> [TRY IT] Each line below from the one containing "movement allows a" through the one containing "September 2026 Records" should be output exactly as it stands, and no other line should appear.

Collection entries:

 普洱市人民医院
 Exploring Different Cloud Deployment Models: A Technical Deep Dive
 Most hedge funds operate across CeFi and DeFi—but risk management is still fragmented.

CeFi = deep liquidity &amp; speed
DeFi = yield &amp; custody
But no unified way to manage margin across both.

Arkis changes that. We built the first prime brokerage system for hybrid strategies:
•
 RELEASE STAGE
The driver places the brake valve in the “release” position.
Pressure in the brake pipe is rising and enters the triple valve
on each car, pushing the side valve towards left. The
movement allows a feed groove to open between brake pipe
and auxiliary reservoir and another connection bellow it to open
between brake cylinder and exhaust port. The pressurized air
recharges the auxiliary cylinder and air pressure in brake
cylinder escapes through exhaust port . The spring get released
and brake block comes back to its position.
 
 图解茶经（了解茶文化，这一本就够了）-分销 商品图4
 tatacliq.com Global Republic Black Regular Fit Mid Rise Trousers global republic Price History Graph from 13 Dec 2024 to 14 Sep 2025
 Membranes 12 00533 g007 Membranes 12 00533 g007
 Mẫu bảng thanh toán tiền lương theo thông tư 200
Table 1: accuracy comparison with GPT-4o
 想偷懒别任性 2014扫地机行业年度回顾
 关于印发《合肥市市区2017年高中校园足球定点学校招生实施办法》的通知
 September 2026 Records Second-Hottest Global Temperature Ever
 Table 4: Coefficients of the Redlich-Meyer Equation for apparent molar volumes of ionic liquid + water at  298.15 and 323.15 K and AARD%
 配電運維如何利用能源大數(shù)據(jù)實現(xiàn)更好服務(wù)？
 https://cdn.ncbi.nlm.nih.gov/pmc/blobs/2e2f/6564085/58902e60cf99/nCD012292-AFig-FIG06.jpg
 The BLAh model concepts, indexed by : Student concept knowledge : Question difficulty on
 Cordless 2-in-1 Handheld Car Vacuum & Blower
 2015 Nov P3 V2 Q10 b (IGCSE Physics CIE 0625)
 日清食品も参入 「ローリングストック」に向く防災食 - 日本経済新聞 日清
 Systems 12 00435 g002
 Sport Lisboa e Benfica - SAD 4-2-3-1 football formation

> [ANSWER BOX]
movement allows a feed groove to open between brake pipe
and auxiliary reservoir and another connection bellow it to open
between brake cylinder and exhaust port. The pressurized air
recharges the auxiliary cylinder and air pressure in brake
cylinder escapes through exhaust port . The spring get released
and brake block comes back to its position.
 
 图解茶经（了解茶文化，这一本就够了）-分销 商品图4
 tatacliq.com Global Republic Black Regular Fit Mid Rise Trousers global republic Price History Graph from 13 Dec 2024 to 14 Sep 2025
 Membranes 12 00533 g007 Membranes 12 00533 g007
 Mẫu bảng thanh toán tiền lương theo thông tư 200
Table 1: accuracy comparison with GPT-4o
 想偷懒别任性 2014扫地机行业年度回顾
 关于印发《合肥市市区2017年高中校园足球定点学校招生实施办法》的通知
 September 2026 Records Second-Hottest Global Temperature Ever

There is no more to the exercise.